La Prefettura di Pescara era in mano a gente incompetente. Già la sera prima sindaco e polizia provinciale, raccontano i sopravvissuti Parete e Tritone, sapevano in che stato si trovava la strada. “Ci hanno accompagnato proprio loro”.

Per due anni si è parlato della telefonata di Quintino Marcella. Perché non di quella di Gabriele D’Angelo?

Le Richieste che di D’Angelo cadono tutte nel vuoto. La sua telefonata alla Prefettura viene addirittura cancellata: del numero del telefonino di Gabriele non c’è più traccia sui documenti che i poliziotti della Mobile vanno a prendere in prefettura insieme con tutti gli altri registri del 18 gennaio. Il contenuto sparisce appena la mattina del 26 gennaio, la stessa funzionaria, con il vice coordinatore della sala operativa vanno a chiedere al carabiniere forestale in servizio al Ccs della Prefettura l’intestatario di un numero di cellulare. Quello di Gabriele, appunto. E il numero non risulta più nemmeno nella relazione che la funzionaria prepara il 28 gennaio come richiesto a tutto il personale.

L’esposto alla Polizia giudiziaria

L’ufficiale dei carabinieri forestali,  il colonnello Annamaria Angelozzi, è stata tirata in ballo in un esposto depositato in procura l’11 giugno scorso dai legali di uno dei principali imputati del procedimento, il sindaco di Farindola Ilario Lacchetta. Il colonnello, insieme a un consulente della procura, Igor Chiambretti, è stato denunciato per omissione di atti d’ufficio e abuso d’ufficio. La procura (l’aggiunto Anna Rita Mantini e il sostituto Salvatore Campochiaro) ha svolto accertamenti presentando al gip una richiesta di archiviazione di sei pagine.
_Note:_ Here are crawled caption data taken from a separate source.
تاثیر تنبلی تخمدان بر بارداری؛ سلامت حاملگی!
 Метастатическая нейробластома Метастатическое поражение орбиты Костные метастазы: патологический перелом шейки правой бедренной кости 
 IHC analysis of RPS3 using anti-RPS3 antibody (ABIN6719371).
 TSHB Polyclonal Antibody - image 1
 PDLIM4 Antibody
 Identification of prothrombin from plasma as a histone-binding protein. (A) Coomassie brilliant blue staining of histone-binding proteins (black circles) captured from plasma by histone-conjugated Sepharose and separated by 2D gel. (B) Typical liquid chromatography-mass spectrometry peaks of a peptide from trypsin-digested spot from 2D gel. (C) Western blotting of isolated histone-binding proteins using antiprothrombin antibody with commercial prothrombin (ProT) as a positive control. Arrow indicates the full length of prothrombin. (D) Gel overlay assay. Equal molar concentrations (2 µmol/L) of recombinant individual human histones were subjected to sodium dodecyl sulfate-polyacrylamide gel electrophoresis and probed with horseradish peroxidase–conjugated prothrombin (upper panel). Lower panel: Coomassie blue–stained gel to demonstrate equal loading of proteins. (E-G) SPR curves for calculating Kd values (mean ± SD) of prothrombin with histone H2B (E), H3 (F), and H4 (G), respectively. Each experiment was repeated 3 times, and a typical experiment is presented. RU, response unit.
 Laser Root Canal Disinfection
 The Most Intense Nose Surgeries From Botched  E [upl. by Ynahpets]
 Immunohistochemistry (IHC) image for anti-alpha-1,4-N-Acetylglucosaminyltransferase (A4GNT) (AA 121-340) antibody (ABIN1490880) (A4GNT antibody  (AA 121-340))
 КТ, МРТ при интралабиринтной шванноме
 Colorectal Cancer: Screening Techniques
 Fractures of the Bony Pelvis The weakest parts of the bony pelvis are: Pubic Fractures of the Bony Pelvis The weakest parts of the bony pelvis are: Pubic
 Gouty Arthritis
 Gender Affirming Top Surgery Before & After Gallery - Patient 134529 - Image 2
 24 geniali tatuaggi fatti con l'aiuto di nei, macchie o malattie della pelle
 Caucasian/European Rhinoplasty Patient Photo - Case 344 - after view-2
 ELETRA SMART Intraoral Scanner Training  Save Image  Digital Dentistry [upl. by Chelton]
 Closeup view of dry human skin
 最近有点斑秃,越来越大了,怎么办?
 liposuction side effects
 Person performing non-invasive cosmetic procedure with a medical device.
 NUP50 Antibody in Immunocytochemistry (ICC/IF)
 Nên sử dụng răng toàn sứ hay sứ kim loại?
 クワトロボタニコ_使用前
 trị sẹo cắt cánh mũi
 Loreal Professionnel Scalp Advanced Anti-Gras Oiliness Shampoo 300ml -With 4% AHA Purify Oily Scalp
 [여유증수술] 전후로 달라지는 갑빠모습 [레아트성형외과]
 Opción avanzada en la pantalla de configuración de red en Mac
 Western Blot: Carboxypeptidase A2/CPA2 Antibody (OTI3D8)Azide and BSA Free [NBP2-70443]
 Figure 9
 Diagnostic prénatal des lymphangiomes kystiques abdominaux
Il gip Antonella Di Carlo, a sua volta, ha disposto l’archiviazione del procedimento “perché dagli atti non emergono elementi idonei ad esercitare l’azione penale”.

Le accuse

L’accusa più pesante è quella della tardiva trasmissione dell’annotazione di pg di un agente della polizia di Stato alla procura; di aver omesso l’analisi delle risultanze peritali elaborate dal Ris di Roma sui cellulari delle vittime della tragedia; di aver omesso di segnalare le mail che si sarebbero scambiati il consulente Chiambretti con uno degli imputati.

Le telefonate

“Il Nipaaf di Pescara non fu mai portato a conoscenza delle risultanze peritali del Ris“, scrivono magistrati e gip, “poiché la procura non delegò mai tale ufficio alle valutazioni delle acquisizioni”. Il 19 novembre 2018 Angelozzi segnala in procura il rinvenimento della chiamata di D’Angelo e due giorni prima i carabinieri trasmettono in procura la nota tecnica del Racis in cui vengono evidenziate le chiamate dello stesso D’Angelo in Prefettura.

Come può Francesco Muriana, capo della Mobile, indagare sui colleghi della Prefettura?

La stranezza che la trasmissione di Italia 1 rileva è che, in un’intercettazione, pare che gli indagati (Prefettura) e inquirenti (Polizia) pare si mettano d’accordo sul da farsi.

La domanda rimane: quanto si dovrà attendere ancora per avere la verità su Rigopiano?